Church of Santa Maria Assunta, Positano

The Church of Santa Maria Assunta perches on a cliff against a stunning backdrop of ocean – it’s the picture-perfect spot.

Church of Santa Maria Assunta

But aside from being a pretty addition to the Amalfi coastline, the church boasts an interesting backstory which can still be felt beneath the exquisite domed roof.

Black Madonna at the Church of Santa Maria Assunta

Legend has it that pirate ships once ruled the area, travelling through nearby waters carrying plunder like the Byzantine painting of the Black Madonna that can now be found in the Church of Santa Maria Assunta. The time period of this tale dates back to the 12th century. The legendary narrative continues with a violent storm that hit the coastline. The ship of Saracen pirates didn’t stand a chance, but in true mythical style, the painting of Mary cried out “Posa, posa” (which directly translates as “lay me down”). The captain then threw the painting overboard and the boat glided safely into the harbour.

This of course led the pirates on board to revel in wonder at the Black Madonna speaking and saving them from the devastating storm, and they quickly became Christians in light of the event.
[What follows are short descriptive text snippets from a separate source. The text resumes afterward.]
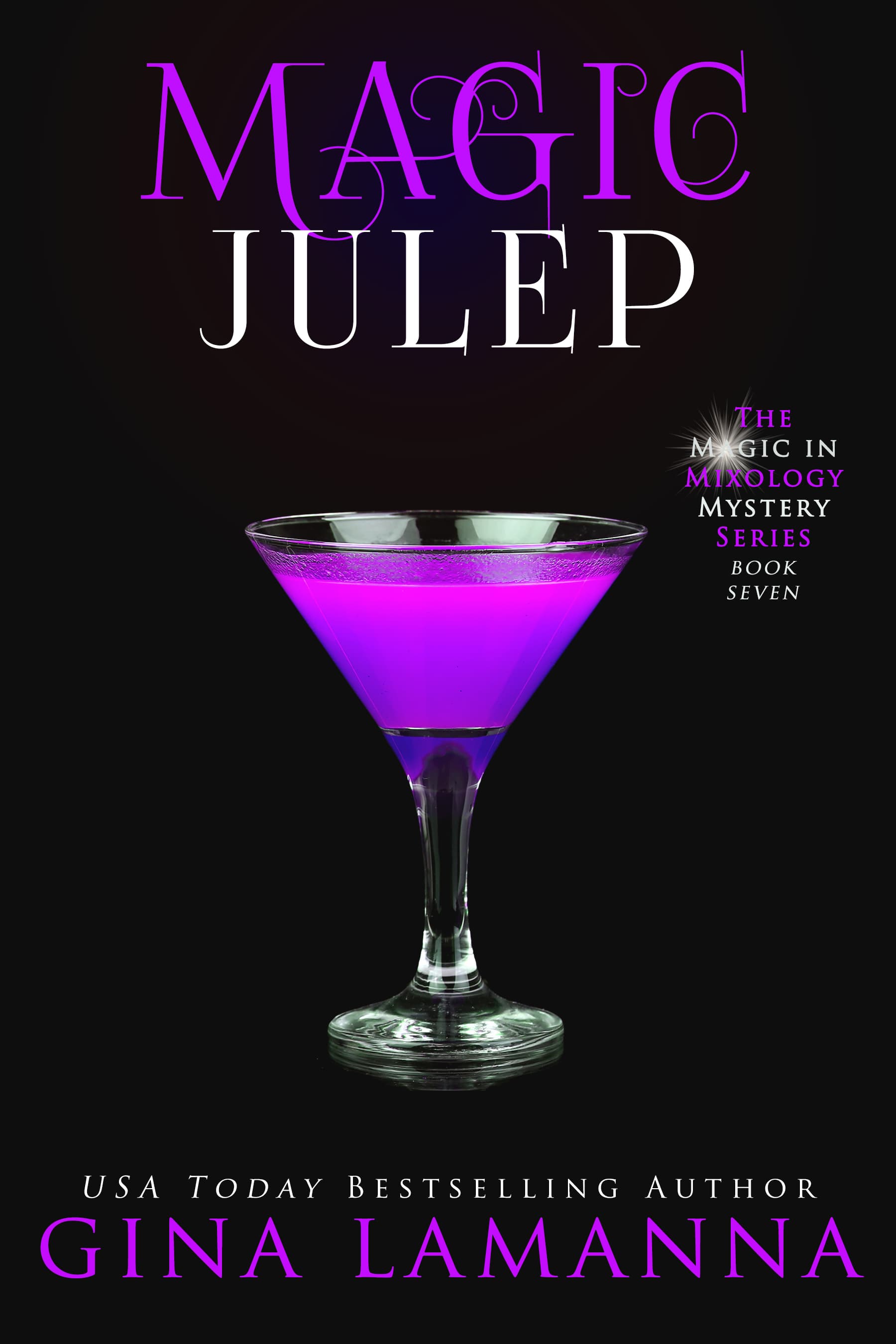 Magic Julep book cover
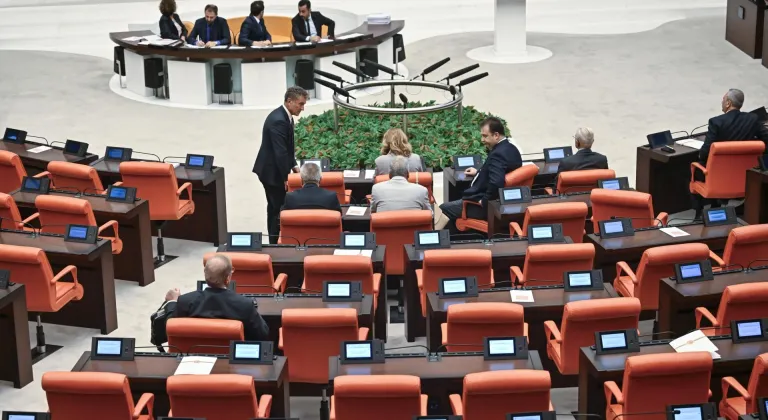 TBMM Genel Kurulu toplandı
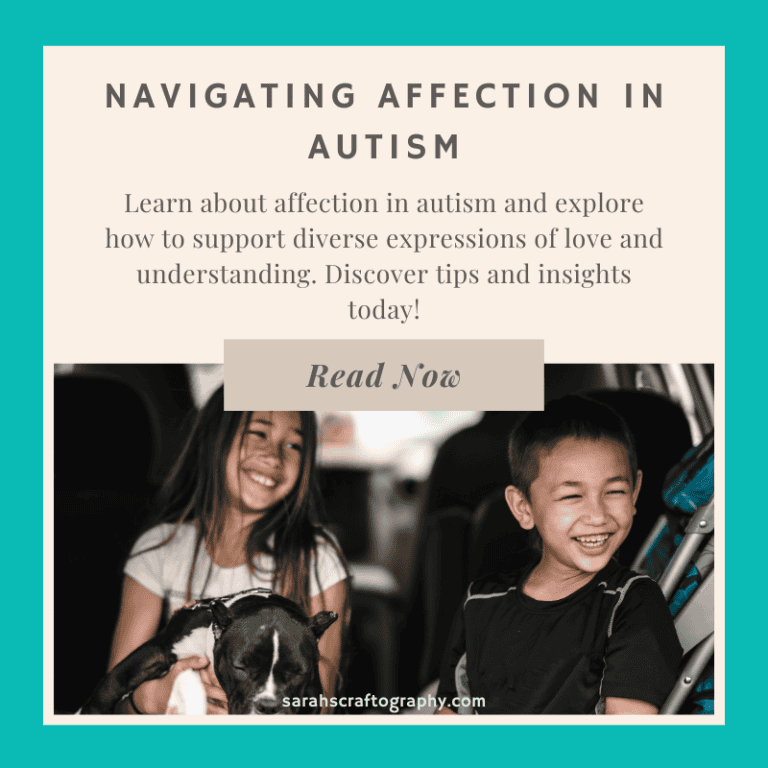 Navigating Affection in Autism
The painting was taken in by the locals and they built a church over the place where the painting washed ashore, believing it to be the Virgin Mary’s chosen resting place. The town was soon given the name Positano after the words Mary cried from the ocean.

The church where the painting is now displayed began life as the abbey of Positano’s Benedictine monastery in the 12th century. It was during this year that it became the home of the Black Madonna, but the Romanesque building soon became a victim of neglect when the town became tired of battling with plunderers and pirates.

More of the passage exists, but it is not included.